Um im von hierzulande überschaubaren Bereich zu bleiben: Da wissen sich die Angehörigen einer Religion im Aufwind; der Islam ist in Europa eine wachsende Gemeinschaft von Gläubigen. Da fühlen sich andere, europäische Christen, im Abwind. Und dazwischen lebt das Gros einer Bevölkerung, die von der abwärtsstrebenden Religion kaum mehr eine Ahnung und vor der aufstrebenden Angst hat.

Man sollte in dieser Lage auf die Religion setzen, so paradox das klingen mag. Allerdings auf eine Religion, die es wagt, sich aus eingefahrenen Gleisen wegzubewegen.
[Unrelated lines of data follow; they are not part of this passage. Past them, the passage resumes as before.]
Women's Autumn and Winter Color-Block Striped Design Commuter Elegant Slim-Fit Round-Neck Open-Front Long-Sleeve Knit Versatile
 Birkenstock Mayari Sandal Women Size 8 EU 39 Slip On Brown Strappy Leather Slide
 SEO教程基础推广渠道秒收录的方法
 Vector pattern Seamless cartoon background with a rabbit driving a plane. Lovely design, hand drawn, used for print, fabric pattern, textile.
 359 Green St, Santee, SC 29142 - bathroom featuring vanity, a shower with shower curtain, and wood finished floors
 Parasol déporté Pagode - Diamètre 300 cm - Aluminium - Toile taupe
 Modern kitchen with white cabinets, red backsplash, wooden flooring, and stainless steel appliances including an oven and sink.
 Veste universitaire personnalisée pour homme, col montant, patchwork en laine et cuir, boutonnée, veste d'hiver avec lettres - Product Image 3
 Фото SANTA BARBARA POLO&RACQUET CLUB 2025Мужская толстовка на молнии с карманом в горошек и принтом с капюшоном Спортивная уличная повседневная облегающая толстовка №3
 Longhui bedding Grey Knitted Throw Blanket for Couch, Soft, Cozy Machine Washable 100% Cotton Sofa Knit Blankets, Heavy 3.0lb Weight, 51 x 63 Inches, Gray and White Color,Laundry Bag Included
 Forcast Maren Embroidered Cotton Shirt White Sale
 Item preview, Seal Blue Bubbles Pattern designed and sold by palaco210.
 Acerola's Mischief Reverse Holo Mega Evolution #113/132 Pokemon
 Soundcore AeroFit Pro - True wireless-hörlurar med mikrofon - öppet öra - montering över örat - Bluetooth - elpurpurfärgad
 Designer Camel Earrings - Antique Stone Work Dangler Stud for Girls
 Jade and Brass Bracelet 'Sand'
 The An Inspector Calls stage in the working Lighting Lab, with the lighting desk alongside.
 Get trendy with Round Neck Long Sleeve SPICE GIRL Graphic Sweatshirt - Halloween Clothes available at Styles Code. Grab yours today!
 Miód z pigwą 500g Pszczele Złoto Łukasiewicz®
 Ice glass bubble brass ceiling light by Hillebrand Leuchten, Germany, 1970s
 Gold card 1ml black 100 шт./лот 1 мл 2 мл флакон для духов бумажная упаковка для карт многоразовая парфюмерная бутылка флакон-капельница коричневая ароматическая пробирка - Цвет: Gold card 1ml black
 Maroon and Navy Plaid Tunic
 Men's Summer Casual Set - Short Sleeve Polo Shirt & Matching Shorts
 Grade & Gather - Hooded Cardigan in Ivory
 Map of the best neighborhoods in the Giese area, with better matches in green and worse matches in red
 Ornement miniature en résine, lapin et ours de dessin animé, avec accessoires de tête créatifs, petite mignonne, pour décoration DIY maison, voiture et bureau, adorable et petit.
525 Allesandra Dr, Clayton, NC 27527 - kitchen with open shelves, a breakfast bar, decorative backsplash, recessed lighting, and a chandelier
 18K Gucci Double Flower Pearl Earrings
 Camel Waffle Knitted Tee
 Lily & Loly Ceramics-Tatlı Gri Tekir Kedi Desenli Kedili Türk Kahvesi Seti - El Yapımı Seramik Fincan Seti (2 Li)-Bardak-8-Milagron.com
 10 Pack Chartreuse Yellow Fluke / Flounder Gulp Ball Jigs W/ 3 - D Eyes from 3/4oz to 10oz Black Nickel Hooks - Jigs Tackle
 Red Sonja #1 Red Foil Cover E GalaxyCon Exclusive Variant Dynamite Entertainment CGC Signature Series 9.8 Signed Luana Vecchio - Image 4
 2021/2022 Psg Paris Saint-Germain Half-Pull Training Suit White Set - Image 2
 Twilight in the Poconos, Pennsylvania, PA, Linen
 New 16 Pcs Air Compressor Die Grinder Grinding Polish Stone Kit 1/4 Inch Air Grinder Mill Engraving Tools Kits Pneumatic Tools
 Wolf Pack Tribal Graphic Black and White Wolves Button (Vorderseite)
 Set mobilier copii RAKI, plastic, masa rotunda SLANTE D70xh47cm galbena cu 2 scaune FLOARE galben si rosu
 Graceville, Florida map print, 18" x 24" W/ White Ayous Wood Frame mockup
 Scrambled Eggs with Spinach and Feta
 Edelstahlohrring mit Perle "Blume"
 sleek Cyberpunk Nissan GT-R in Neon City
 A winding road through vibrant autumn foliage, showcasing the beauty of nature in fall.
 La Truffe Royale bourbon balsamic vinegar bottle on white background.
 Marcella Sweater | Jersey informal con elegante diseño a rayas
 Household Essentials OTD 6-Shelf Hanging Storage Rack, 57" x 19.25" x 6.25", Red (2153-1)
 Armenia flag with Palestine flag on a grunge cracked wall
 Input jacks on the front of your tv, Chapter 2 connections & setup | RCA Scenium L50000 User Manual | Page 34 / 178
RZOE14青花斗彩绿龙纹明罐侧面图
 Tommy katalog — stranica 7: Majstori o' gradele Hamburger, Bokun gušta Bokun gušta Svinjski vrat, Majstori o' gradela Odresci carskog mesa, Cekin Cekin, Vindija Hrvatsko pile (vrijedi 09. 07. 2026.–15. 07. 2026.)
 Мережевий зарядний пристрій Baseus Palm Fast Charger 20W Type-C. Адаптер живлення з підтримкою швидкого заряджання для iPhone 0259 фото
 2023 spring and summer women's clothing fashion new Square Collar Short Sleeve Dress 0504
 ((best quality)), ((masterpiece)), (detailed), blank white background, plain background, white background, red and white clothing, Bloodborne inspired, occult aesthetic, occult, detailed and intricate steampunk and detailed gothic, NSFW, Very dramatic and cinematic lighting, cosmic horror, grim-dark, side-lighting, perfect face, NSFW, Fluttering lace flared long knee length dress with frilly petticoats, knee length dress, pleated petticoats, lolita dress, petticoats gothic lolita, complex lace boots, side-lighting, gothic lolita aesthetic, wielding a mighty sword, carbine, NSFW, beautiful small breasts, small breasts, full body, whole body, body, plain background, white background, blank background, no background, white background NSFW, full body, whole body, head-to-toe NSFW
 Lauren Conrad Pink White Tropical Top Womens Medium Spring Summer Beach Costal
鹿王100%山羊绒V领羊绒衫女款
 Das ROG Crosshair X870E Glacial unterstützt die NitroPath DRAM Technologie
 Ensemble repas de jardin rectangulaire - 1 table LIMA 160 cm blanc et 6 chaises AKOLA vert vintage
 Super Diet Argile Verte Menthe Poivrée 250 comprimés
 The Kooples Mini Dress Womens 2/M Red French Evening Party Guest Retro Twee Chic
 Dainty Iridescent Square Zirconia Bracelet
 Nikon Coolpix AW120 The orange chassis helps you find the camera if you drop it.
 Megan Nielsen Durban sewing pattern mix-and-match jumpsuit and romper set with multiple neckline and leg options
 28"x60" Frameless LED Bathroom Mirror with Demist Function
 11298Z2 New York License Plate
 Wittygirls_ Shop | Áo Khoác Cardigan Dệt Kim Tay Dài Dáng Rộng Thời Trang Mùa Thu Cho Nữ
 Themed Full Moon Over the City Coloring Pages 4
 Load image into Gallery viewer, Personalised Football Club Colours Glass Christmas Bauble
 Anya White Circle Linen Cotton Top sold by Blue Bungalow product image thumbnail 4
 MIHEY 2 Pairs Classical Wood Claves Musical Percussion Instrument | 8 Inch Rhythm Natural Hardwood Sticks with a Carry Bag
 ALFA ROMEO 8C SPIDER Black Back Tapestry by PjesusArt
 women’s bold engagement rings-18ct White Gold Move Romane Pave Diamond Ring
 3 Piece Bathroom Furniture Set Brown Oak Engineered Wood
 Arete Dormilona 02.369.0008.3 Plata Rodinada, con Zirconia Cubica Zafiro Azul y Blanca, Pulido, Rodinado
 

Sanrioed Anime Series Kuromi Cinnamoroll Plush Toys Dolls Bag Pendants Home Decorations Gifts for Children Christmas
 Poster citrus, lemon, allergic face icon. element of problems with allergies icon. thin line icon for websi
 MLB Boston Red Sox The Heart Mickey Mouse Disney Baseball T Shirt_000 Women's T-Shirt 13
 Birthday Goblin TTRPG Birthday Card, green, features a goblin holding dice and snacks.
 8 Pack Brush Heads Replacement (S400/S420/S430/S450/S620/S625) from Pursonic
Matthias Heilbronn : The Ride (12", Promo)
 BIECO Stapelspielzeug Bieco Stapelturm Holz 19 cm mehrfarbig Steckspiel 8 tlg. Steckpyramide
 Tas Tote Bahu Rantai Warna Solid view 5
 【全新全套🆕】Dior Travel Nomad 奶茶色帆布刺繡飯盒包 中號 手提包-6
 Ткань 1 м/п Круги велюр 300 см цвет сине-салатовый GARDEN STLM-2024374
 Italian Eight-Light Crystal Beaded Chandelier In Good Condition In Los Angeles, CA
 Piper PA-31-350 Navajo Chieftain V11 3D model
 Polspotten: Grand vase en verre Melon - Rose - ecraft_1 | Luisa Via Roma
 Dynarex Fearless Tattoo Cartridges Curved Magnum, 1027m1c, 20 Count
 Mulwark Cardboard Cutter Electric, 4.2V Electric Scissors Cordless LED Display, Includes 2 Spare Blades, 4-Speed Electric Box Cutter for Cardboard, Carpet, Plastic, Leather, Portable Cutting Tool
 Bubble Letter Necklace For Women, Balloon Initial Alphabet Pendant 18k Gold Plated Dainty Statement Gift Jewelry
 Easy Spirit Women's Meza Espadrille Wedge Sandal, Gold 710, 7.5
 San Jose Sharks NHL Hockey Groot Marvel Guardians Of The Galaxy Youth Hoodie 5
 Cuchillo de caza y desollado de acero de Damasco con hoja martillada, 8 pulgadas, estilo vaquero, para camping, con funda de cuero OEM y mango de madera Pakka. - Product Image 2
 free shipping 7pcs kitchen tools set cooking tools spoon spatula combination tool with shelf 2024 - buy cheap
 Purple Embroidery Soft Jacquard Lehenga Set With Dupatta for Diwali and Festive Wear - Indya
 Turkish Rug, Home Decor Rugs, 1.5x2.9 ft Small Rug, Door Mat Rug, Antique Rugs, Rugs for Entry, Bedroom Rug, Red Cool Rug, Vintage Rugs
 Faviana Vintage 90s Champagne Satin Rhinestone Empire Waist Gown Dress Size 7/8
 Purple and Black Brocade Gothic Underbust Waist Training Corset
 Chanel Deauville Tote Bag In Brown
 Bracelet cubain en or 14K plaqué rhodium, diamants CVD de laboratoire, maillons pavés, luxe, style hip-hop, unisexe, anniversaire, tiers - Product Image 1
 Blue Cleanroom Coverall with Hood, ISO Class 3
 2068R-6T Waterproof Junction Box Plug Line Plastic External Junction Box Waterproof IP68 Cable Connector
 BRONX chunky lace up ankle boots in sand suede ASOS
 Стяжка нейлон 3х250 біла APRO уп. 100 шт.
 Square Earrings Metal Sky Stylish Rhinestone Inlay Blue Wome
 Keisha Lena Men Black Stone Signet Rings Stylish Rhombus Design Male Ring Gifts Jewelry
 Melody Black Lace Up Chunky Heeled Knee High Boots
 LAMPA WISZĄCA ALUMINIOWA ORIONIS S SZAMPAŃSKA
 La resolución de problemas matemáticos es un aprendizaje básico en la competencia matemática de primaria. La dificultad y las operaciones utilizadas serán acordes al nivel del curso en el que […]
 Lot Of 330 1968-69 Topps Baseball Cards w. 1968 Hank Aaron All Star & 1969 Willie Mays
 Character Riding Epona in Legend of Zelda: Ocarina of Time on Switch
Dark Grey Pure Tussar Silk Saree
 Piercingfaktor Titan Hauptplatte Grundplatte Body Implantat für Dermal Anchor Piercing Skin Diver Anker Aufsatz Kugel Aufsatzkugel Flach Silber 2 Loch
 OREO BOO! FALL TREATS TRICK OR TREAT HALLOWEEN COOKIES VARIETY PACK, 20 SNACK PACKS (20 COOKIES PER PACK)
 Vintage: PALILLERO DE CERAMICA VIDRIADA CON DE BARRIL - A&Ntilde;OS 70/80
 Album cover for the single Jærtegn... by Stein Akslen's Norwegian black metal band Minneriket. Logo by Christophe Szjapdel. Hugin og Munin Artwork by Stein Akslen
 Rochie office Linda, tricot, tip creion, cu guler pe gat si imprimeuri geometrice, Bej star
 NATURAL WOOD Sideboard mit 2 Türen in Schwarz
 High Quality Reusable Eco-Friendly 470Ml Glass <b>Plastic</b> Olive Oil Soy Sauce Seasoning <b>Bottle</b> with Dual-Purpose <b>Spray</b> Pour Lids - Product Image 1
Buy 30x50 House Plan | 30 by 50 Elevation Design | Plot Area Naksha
Es nützt – etwa in der Debatte über Kreuze in öffentlichen Gebäuden – wenig, darauf zu pochen, dass das Christentum die traditionelle Religion des Landes sei. Tradition taugt kaum zur Bewältigung der Gegenwart.

Tradition bewältigt die Gegenwart nicht

Die Frage müsste vielmehr lauten: Welches Angebot haben die Christen, um verzagten Zeitgenossen eine Lebensperspektive zu eröffnen? Ähnlich steht auch dem Islam an, sich nicht vor der Unterscheidung zu drücken, wo er einen Ballast der Tradition mitschleppt und wo er Gläubigen in einer gegenwärtigen Gesellschaft lebbare Visionen anbieten kann.

Der verhinderte Attentäter von Detroit bezog seinen Antrieb aus einer verqueren, lebensfeindlichen Sicht von Religion. Es bleibt nichts anderes übrig, als dem die Lebensbejahung entgegenzusetzen, auf der die großen Menschheitsreligionen fußen. Dazu gehört – auch das ist keine neue Erkenntnis – der Einsatz für Gerechtigkeit, an der es lokal, regional und erst recht global krankt.

Nicht der Nacktscanner wird den Menschen Frieden und Sicherheit bringen, sondern Gerechtigkeit. In den heiligen Schriften der Religionen ist dies längst nachzulesen.